Two Godots At The International Samuel Beckett Festival

Sean Doran discusses the third year of the festival.

The third year of the Happy Days Enniskillen International Samuel Beckett Festival has captured every aspect of Enniskillen, a town in Northern Ireland, from the church to the hairdresser, according to The New York Times. Spanning ten days, ending on Sunday, August 10, the festival, dedicated to the Nobel Prize-winner writer, is growing in size and success.

Sean Doran first began this festival because he hoped to associate the town with its Portora Royal School alumnus, rather than the Irish Republican Army bomb that took the lives of 11 people at a Remembrance Day service in 1987. This year, the attendance is expected to top last year's 8,000 people, of which 31% were from outside Northern Ireland.

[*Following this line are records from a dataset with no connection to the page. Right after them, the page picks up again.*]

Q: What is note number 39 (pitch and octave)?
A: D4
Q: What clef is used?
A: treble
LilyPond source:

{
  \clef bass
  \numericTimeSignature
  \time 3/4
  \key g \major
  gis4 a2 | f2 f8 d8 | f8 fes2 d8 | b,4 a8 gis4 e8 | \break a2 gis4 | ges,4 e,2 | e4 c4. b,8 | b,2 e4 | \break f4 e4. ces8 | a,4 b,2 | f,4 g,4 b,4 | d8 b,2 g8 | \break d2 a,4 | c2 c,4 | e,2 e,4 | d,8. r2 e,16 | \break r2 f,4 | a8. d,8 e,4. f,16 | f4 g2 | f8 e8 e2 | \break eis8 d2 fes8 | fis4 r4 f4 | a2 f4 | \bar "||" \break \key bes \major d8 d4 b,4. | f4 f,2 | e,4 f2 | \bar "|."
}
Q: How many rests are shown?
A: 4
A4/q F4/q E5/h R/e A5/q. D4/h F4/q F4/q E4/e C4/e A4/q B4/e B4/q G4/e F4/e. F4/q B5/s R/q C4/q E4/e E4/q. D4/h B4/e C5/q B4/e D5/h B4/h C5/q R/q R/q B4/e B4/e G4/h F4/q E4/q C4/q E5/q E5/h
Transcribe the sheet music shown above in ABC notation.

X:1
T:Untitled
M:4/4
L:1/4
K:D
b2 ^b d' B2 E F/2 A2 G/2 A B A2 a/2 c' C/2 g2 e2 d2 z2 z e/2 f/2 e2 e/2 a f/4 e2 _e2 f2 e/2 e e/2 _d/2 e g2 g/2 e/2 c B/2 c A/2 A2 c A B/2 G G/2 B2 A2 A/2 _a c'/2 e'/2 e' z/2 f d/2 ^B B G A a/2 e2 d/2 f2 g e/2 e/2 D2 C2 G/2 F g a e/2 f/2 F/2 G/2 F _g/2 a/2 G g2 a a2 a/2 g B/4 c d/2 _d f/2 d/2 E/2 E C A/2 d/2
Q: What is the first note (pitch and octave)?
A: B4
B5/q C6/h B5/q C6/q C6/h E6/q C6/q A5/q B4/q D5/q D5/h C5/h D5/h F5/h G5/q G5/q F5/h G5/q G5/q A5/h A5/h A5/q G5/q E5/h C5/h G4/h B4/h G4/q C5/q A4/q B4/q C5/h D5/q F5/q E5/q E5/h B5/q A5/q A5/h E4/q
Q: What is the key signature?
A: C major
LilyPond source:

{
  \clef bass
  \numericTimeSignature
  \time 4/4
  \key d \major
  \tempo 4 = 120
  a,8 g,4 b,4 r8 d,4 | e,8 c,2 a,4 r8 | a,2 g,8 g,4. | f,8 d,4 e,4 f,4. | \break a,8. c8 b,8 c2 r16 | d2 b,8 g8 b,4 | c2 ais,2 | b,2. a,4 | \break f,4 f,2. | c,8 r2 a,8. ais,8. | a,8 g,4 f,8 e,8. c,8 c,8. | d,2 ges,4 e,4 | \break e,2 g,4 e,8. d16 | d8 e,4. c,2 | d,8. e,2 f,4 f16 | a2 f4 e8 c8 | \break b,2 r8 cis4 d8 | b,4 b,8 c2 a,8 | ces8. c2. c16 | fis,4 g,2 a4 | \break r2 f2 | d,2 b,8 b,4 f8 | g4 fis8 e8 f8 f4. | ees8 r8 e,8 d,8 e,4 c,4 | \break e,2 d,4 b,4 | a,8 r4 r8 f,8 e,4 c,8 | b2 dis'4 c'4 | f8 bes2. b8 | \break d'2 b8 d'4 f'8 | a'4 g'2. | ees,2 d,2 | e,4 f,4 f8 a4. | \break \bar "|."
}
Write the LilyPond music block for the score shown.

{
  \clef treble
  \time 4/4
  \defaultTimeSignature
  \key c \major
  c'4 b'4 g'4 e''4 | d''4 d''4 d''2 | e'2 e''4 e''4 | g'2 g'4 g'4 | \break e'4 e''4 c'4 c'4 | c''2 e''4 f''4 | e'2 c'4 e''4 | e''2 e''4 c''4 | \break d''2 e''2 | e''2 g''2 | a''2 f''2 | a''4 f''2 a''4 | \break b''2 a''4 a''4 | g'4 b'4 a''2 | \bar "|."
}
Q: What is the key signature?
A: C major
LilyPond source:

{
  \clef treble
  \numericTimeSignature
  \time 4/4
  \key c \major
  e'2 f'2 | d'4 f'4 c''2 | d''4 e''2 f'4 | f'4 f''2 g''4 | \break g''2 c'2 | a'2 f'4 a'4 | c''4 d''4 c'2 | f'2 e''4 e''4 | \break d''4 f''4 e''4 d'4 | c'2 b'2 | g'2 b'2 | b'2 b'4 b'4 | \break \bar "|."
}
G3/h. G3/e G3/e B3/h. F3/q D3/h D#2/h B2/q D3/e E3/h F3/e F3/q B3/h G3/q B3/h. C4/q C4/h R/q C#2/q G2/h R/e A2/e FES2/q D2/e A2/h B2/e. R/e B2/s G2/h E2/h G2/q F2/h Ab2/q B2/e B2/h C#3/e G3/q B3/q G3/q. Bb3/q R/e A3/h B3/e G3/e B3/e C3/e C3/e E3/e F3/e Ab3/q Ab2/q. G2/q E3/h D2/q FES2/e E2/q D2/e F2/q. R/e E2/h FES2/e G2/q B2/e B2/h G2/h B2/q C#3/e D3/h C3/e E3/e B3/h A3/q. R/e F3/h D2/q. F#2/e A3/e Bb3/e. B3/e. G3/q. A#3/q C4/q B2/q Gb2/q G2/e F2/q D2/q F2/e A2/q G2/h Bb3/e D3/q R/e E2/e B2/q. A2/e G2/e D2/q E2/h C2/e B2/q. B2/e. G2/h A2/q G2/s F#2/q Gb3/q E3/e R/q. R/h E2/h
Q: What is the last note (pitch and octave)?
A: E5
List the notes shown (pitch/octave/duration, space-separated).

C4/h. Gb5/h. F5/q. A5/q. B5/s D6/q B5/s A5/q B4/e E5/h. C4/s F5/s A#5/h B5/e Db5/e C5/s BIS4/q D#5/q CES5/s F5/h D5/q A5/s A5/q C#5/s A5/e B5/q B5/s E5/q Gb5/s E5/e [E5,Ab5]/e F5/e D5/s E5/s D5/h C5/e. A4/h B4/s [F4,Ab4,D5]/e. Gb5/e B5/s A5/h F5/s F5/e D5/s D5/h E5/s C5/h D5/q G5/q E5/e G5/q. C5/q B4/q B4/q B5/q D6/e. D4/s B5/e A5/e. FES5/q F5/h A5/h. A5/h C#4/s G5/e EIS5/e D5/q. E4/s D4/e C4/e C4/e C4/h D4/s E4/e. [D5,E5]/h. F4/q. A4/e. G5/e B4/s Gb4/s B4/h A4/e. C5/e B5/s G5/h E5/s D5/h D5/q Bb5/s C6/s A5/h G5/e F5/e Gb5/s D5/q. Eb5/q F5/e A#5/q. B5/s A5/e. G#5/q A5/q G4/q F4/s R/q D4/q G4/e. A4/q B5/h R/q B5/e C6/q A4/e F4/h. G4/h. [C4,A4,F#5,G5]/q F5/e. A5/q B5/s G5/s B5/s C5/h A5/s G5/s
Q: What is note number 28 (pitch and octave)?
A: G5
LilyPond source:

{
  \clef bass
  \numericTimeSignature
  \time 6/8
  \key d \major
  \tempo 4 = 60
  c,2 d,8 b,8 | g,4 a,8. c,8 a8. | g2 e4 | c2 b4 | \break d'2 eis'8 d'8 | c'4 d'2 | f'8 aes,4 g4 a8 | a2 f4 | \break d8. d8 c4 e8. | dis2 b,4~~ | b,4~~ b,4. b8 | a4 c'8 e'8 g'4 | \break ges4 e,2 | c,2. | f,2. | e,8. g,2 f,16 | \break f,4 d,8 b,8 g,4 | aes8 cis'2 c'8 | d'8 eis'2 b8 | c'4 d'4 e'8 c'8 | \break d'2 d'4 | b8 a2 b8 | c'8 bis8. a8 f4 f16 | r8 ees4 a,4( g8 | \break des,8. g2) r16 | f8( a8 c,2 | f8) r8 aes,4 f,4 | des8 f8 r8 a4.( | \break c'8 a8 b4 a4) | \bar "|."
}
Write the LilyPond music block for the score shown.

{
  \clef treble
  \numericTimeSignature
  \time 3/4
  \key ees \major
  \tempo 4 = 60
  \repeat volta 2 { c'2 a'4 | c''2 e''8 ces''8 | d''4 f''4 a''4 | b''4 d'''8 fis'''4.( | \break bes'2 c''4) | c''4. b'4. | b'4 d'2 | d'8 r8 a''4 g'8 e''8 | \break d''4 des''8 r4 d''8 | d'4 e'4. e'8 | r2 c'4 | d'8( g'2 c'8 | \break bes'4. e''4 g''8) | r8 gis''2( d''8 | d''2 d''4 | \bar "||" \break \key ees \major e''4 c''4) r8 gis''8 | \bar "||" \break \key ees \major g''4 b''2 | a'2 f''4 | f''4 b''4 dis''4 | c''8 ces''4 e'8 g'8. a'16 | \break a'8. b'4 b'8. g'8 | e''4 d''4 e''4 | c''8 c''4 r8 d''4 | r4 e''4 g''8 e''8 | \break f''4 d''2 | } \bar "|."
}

Beckett has so much varying work that the festival finds it difficult to program it all. Despite Beckett's precise stage directions, the French and Yiddish productions of the same play, Waiting for Godot, were surprisingly different. The French version worked in the act of performance as a subject and featured performers in clown-like makeup. Meanwhile, the Yiddish production focused on an emotional reading of the play, reflecting the "playwright’s own experiences in the French resistance, his awareness of the Holocaust and subsequent post-war exile and dispossession," according to The New York Times.